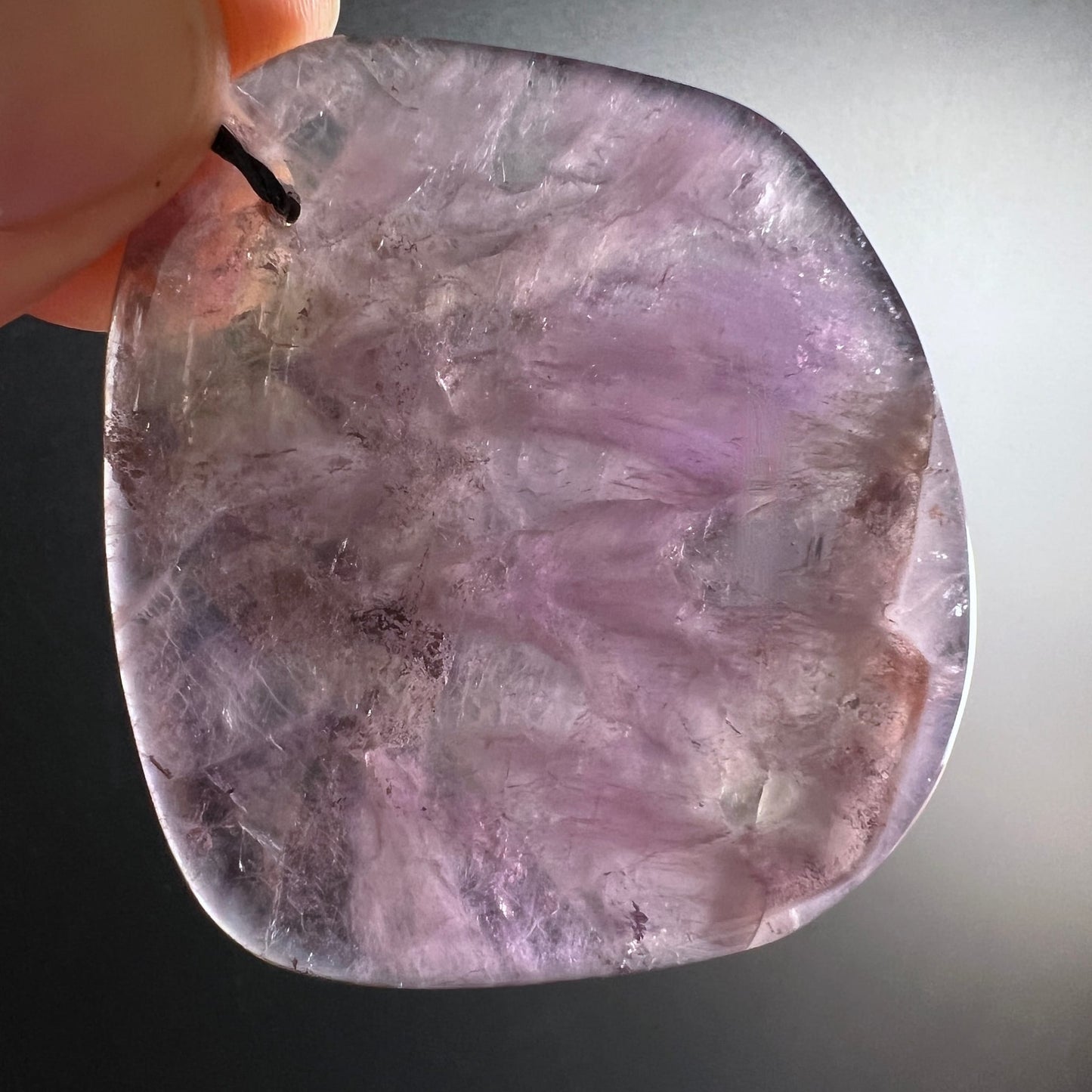 Super Seven Scheibe | durchscheinend | zartes Lavendel | seidig schimmernde Oberfläche | Brasil | Happy Minerals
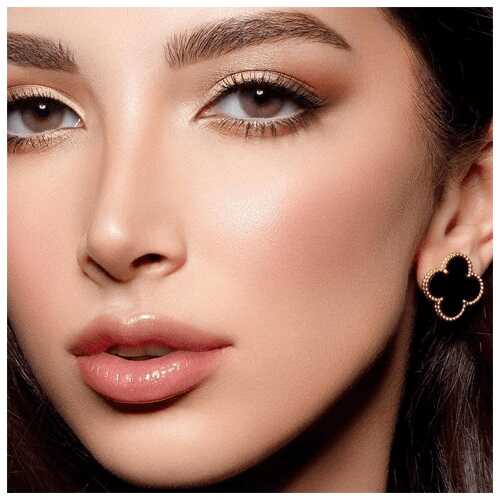 ملمع شفاه من نورة بو عوض - مدام شوقر ملمع شفاه من نورة بو عوض - مدام شوقر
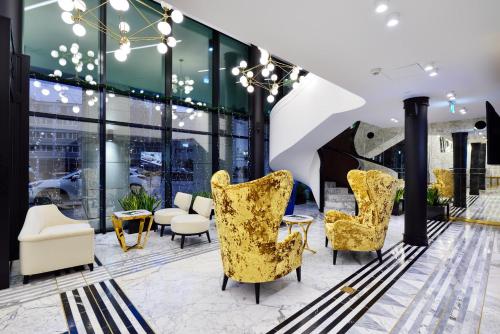 Előcsarnok, Hotel Ferreus Modern Art Deco near 19.Századi Lengyel Festészet Galéria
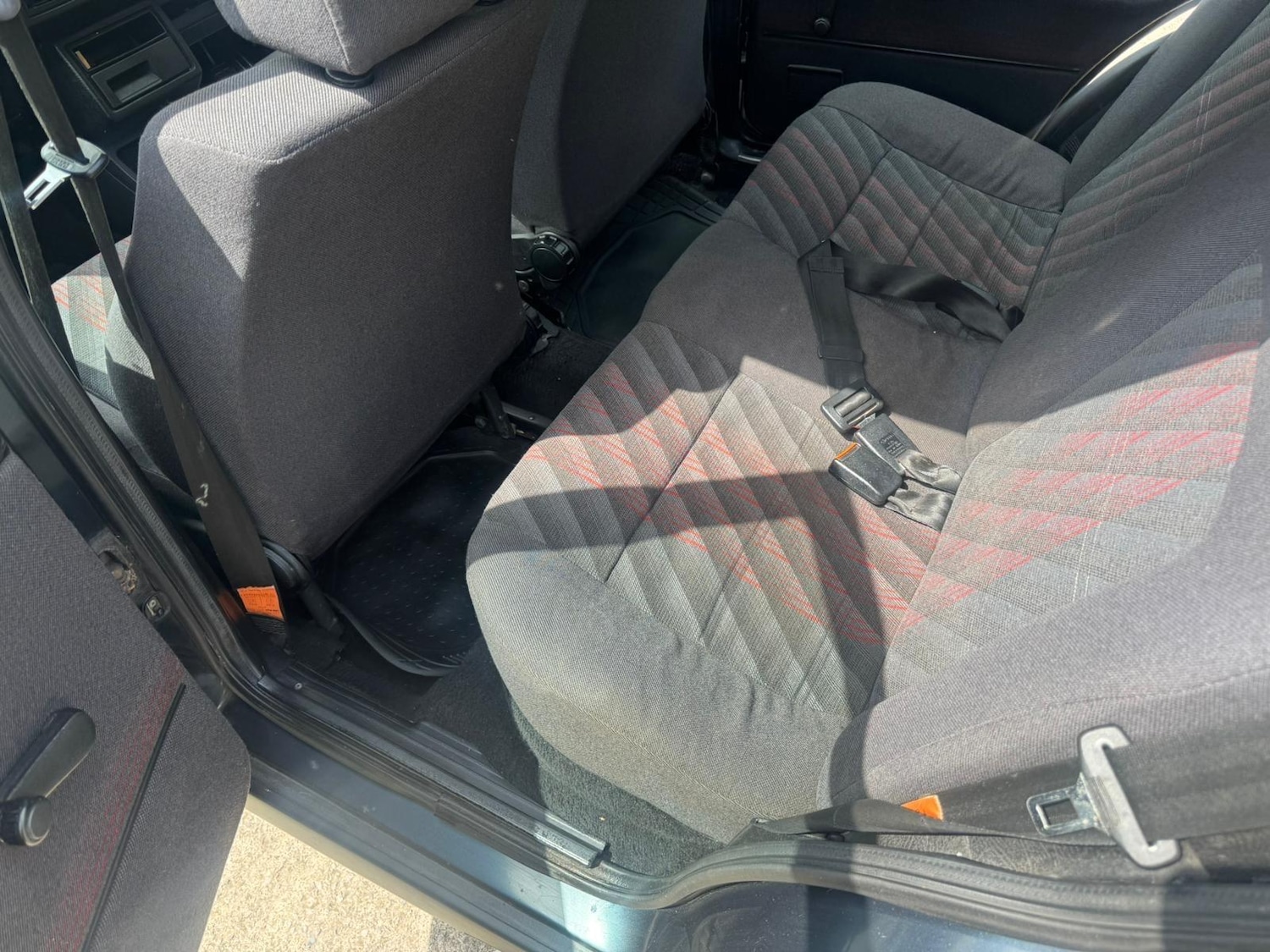 Used Volkswagen Golf 1991 for sale - 76021056: Photo 40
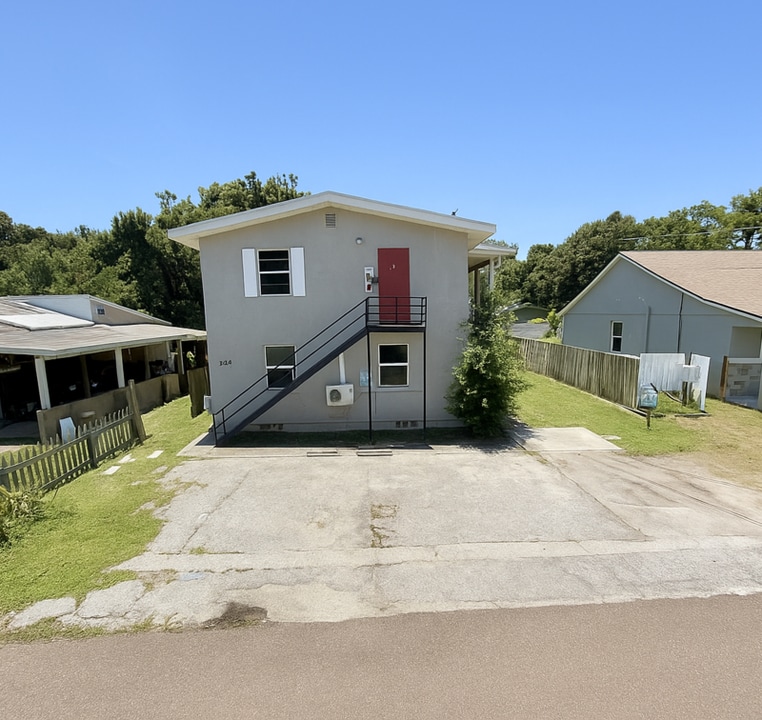 1045 11th Ave NW in Largo, FL - Building Photo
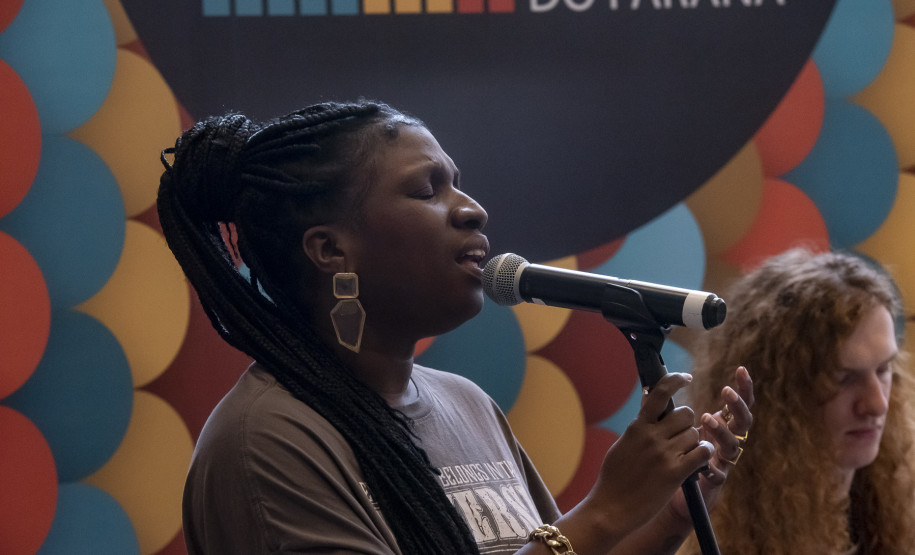 Biblioteca Pública do Paraná inaugura Estante Afro — Maria Águeda com mais de 500 livros. Foto: Kraw Penas/SEEC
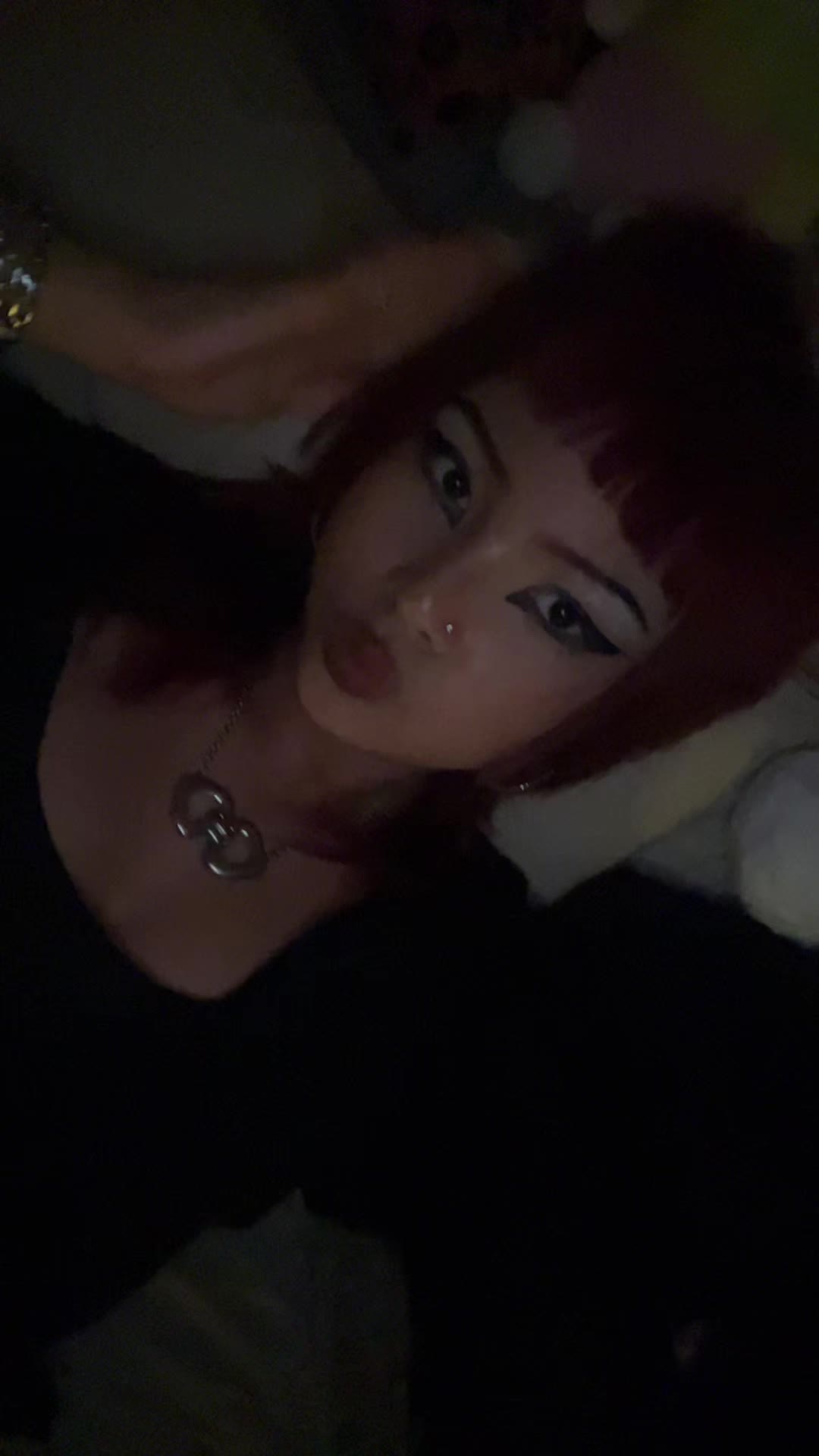 @𝔞𝔩𝔦𝔠𝔥𝔞 𝔱𝔥𝔲𝔪𝔪𝔞
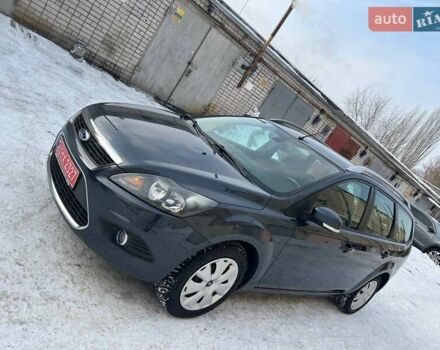 Сірий Форд Фокус, об'ємом двигуна 1.6 л та пробігом 228 тис. км за 5999 $, фото 1 на Automoto.ua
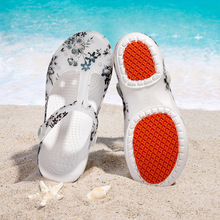 青花瓷夏季国风爆款花色玛丽珍洞洞鞋坡跟防滑舒适鞋沙滩鞋女
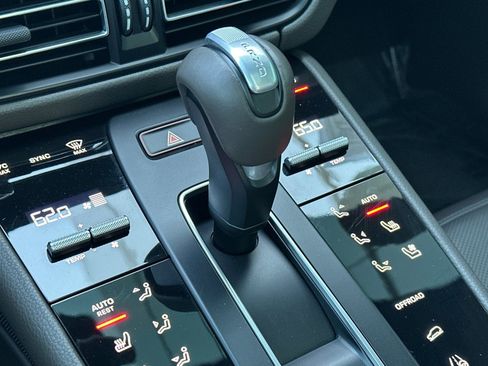 Certified 2023 Porsche Macan image 22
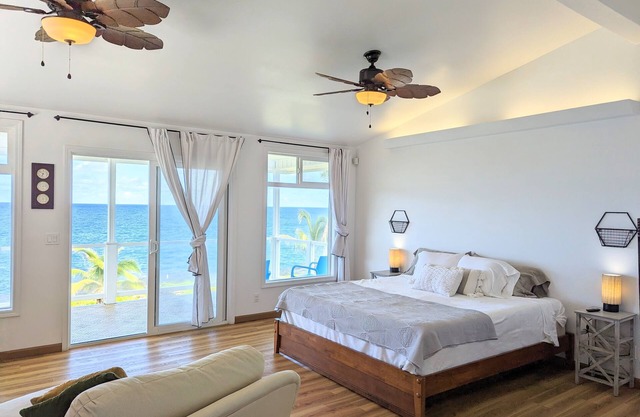 Ocean Front HOME on the Big Island! Lookout and view Heaven - Maka'Ala Lani!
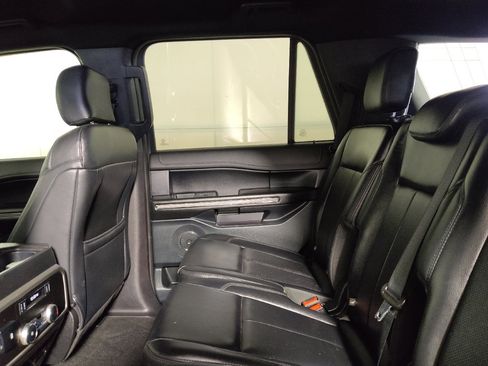 Used 2019 Ford Expedition XLT w/ Equipment Group 201A RWD image 18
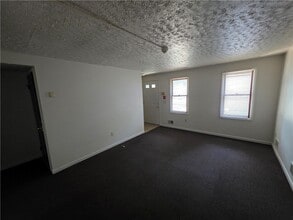165 Atkinson St in Rochester, NY - Building Photo - Building Photo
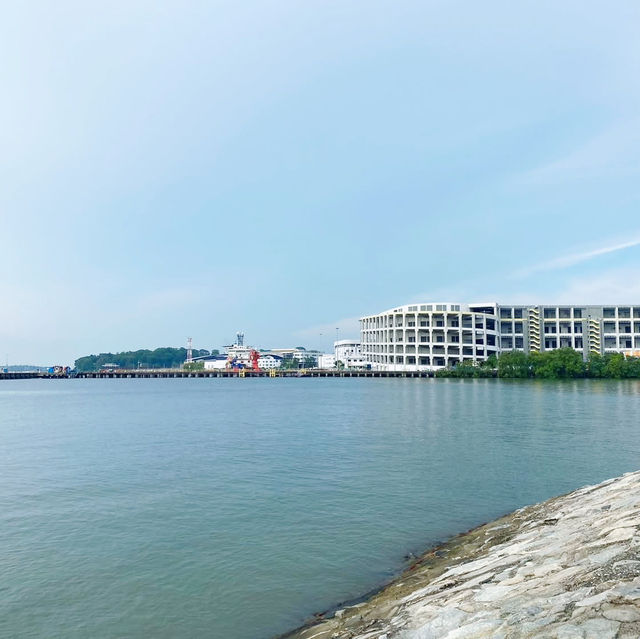Breezy Escapes at Pasir Ris Beach 🇸🇬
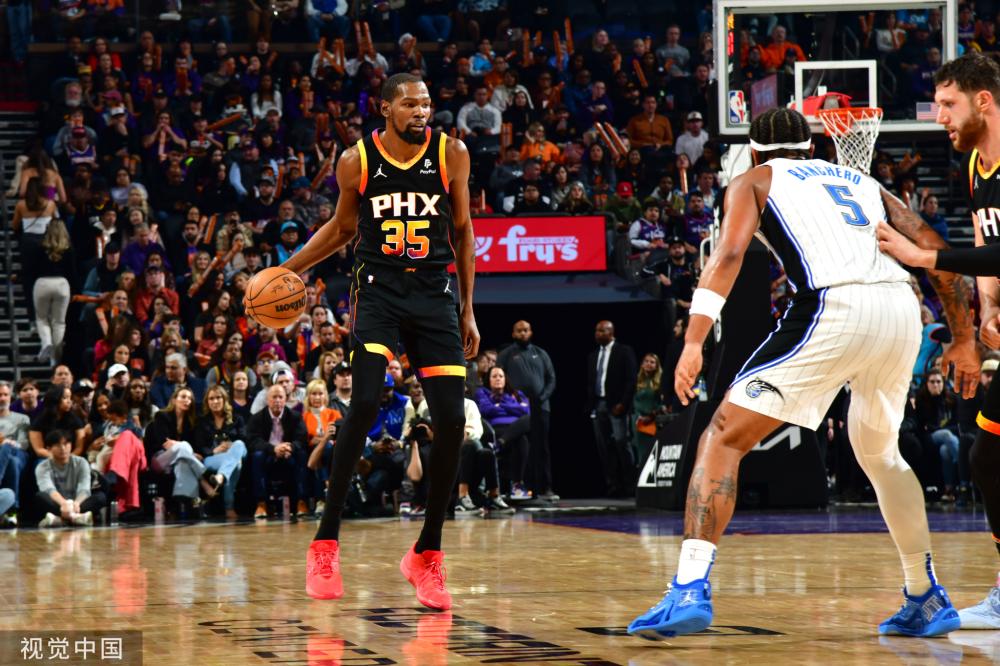 观众对比赛 观众对比赛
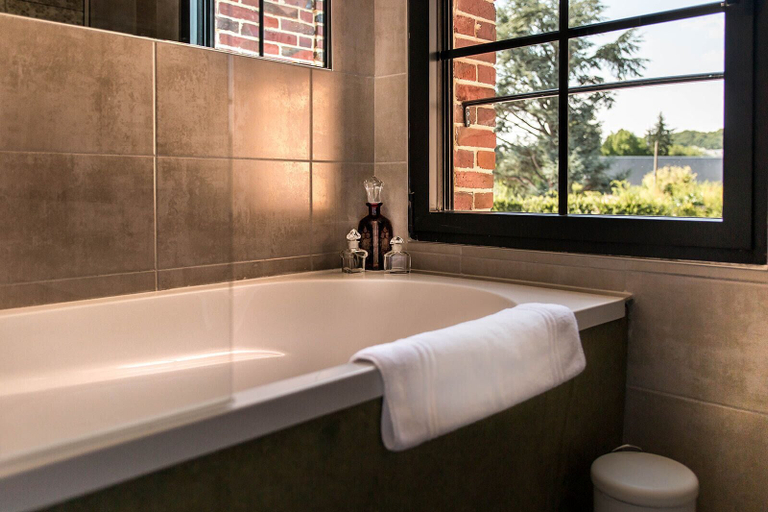 Bathroom 5, Les Jardins de Joséphine - Le Manoir, Eure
——————
What the task asks =>
Give back the lines from the one containing "165 Atkinson St" through the last line of the records above exactly as they appear, both included, and no pictures.

Exercise solution =>
165 Atkinson St in Rochester, NY - Building Photo - Building Photo
Breezy Escapes at Pasir Ris Beach 🇸🇬
 观众对比赛 观众对比赛
 Bathroom 5, Les Jardins de Joséphine - Le Manoir, Eure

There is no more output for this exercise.